Aug 9, 2010

Return of the Prodigal Mother, or: Blood and Gore Galore

So, I'm back in the good ol' 'Cuse. And happy to be here, in the bosom of my loving family: a harried but heroic husband, a couple of hyperactive, selectively deaf children, and a menagerie. New York was awesome, but I confess it gave me a whole new appreciation for Central New York. I'd wax rhapsodic about the treasures of our beloved home, but my return was marred by the sight of my daughter's pet rat and its second head.

My husband tried to prepare me. He'd been talking for two weeks about the eye infection that looked like an alien, and how it turned our cute little albino rodent, Cloud, into nothing less than a zombie. Would that I'd listened, and not pooh-poohed and dismissed him as a wuss of the first order. ("I can take it," I said to myself. "I'm a mother. I gave birth. I clean the toilets.") Then I saw the rat, and OH. MY. GOD. It was like Night of the Living Dead. In my HOUSE.

I blame Google.

Now, I'm not a total buffoon. (Though these posts might indicate otherwise.) I know what's a good website and what's not. I mean, I did the H.E.R.S. assignment in 605. I know about information literacy, y'all. And when I Googled "rat" and "eye" and "discharge" I came up with a few sites that said, essentially, "Don't worry too much about it. Might be infected, but probably minor. Could also be nothing but a cold." And they weren't fly-by-night sites that you don't bring home to mother. So we waited to see what would happen. And I mean, come on....we're talking about a RAT. Are we really supposed to take it to a vet and pay for antibiotics and shove said meds down its throat?

You betcha.

My heroic husband and brave little girl did just that when the second head appeared. TWICE. Because the first time it actually worked. This is what my husband told me when he called me in NYC: "Cloud's face fell off! I was nauseous for three hours!" But underneath her skin was pink and healthy and she was on the mend. Unfortunately, it was only the intermission, because by the time I got home I swear her head looked ready to explode and cover the whole house in blood and gore.

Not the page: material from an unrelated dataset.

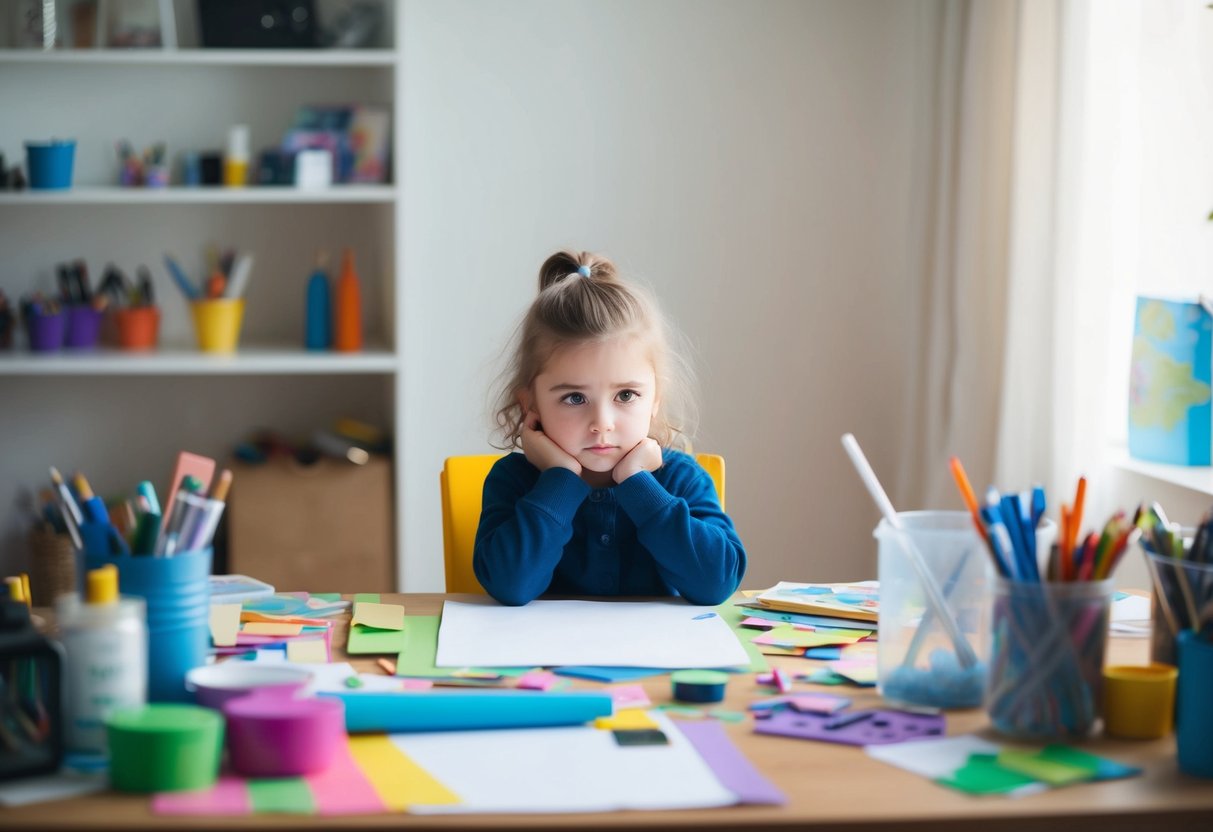 A child sits at a cluttered desk, surrounded by art supplies. They stare at a blank page, deep in thought, with a look of determination on their face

Long story short: It didn't get better despite copious doses of antibiotics, so I made the call and we had poor Cloud put to sleep and buried her in the backyard next to the two groundhogs, three squirrels and one parakeet. (I'll tell you about our killer dog another time.) Later that day our daughter, still dressed in her funeral black, sat by the grave and wept.

But you know what I found thanks to Google, that would've taken a lot of extra time and effort otherwise? The Mourner's Kaddish, in Hebrew, PLUS the phonetic transliteration, PLUS the English translation. (I think saying it for a rat may go against all sorts of laws, though, so don't tell anyone.) So Google's not quite dead to me yet. But when it is, I think I'll bury it in the backyard.